(TASK BRIEF)
No pictures go into the output, which should consist only of the lines from the first line of the data through the line with "C 20140323123225", copied exactly.

[[ SOURCE RECORDS, beginning ]]

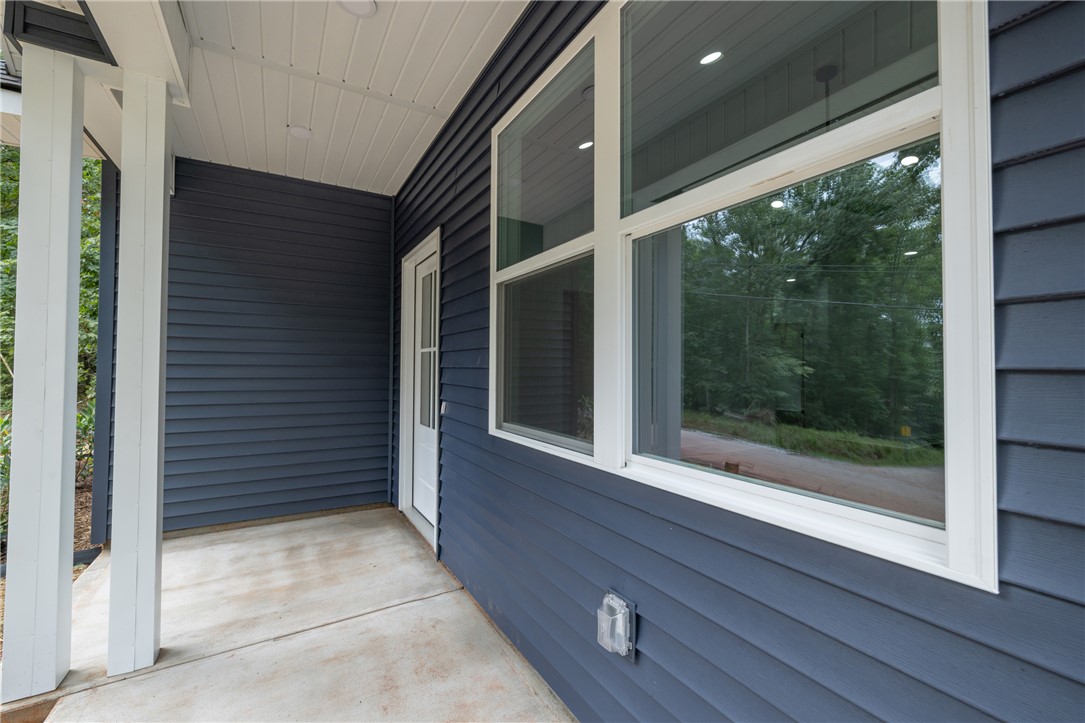 400 Hickory Trail Westminster, SC 29693 - Photo 28 of 36
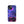 Bold iPhone Full Body Case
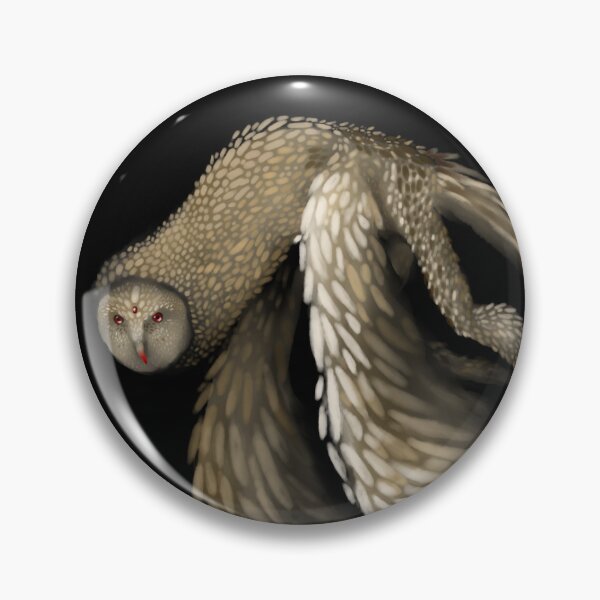 Item preview, Quiet Insomnia designed and sold by IlGattoelOrso.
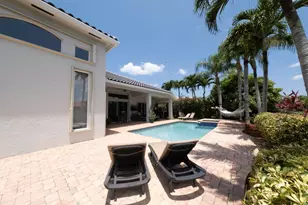 10849 Bal Harbor Dr, Boca Raton, FL 33498 - Photo 65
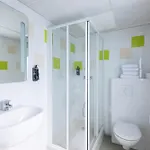 Ibis Budget Centre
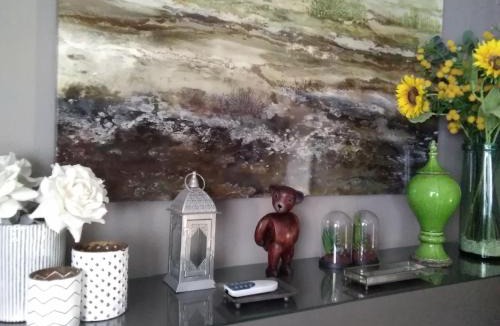 L'Albufereta Apartment | Your Perfect Pause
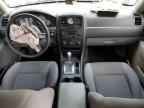 2006 CHRYSLER 300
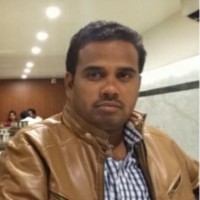 Syed Abdul Wajid Hussaini
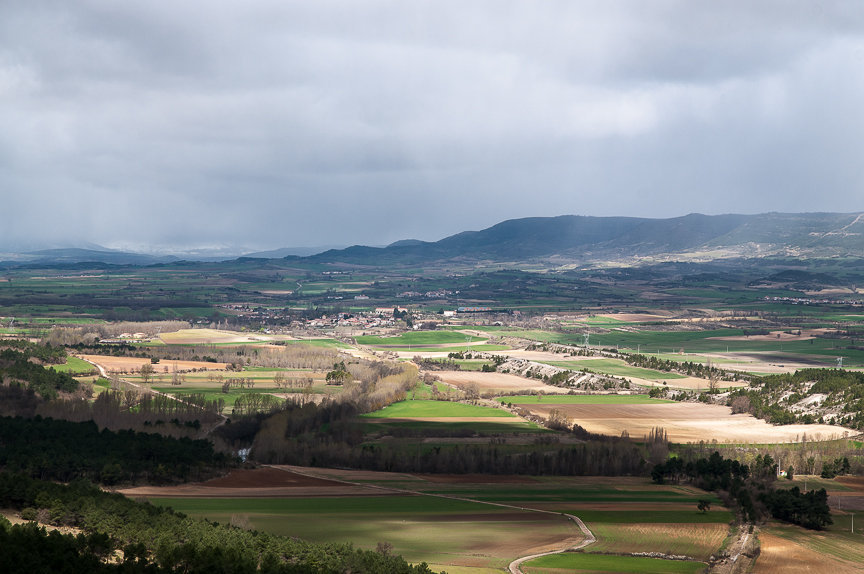 C 20140323123225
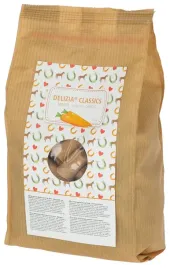 smakolyki-dla-konia-delizia-classic-marchewka-1kg-nagroda-dla-koni-kerbl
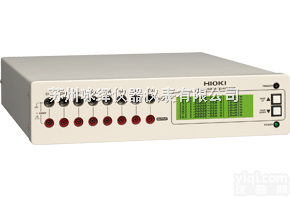 <em>SM7810</em>  <em>SM7810</em>日本<em>日置</em>绝缘计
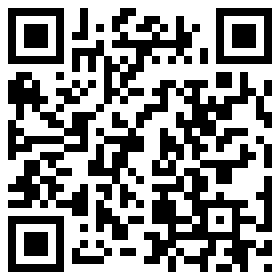 qrcode für Cherry G8A-25100HJADE-2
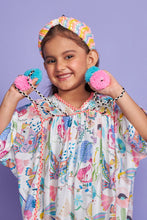 Load image into Gallery viewer, Kaftan 02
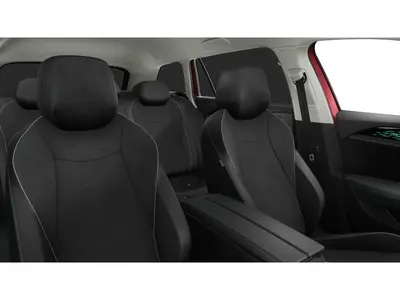 Volkswagen Passat Variant – Foto 10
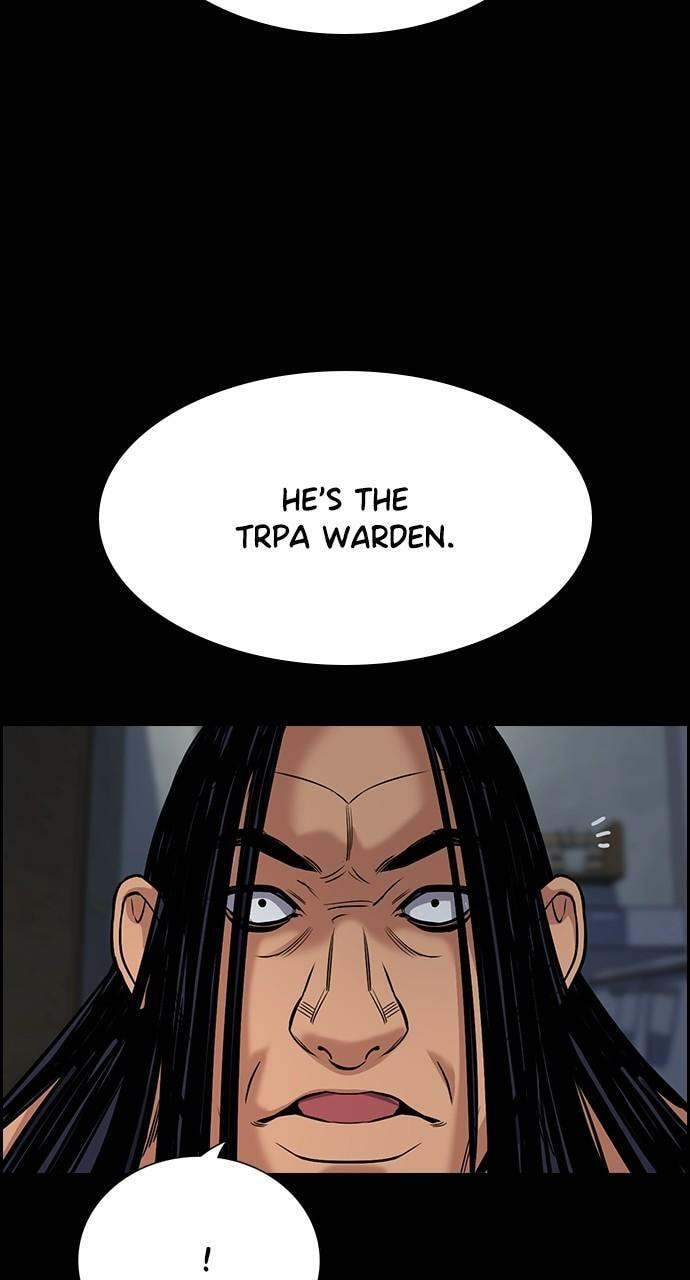 Get Schooled Chapter 111 page 87 -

[[ SOURCE RECORDS, end ]]

(RESPONSE BOX)
 400 Hickory Trail Westminster, SC 29693 - Photo 28 of 36
 Bold iPhone Full Body Case
 Item preview, Quiet Insomnia designed and sold by IlGattoelOrso.
 10849 Bal Harbor Dr, Boca Raton, FL 33498 - Photo 65
 Ibis Budget Centre
 L'Albufereta Apartment | Your Perfect Pause
 2006 CHRYSLER 300
 Syed Abdul Wajid Hussaini
 C 20140323123225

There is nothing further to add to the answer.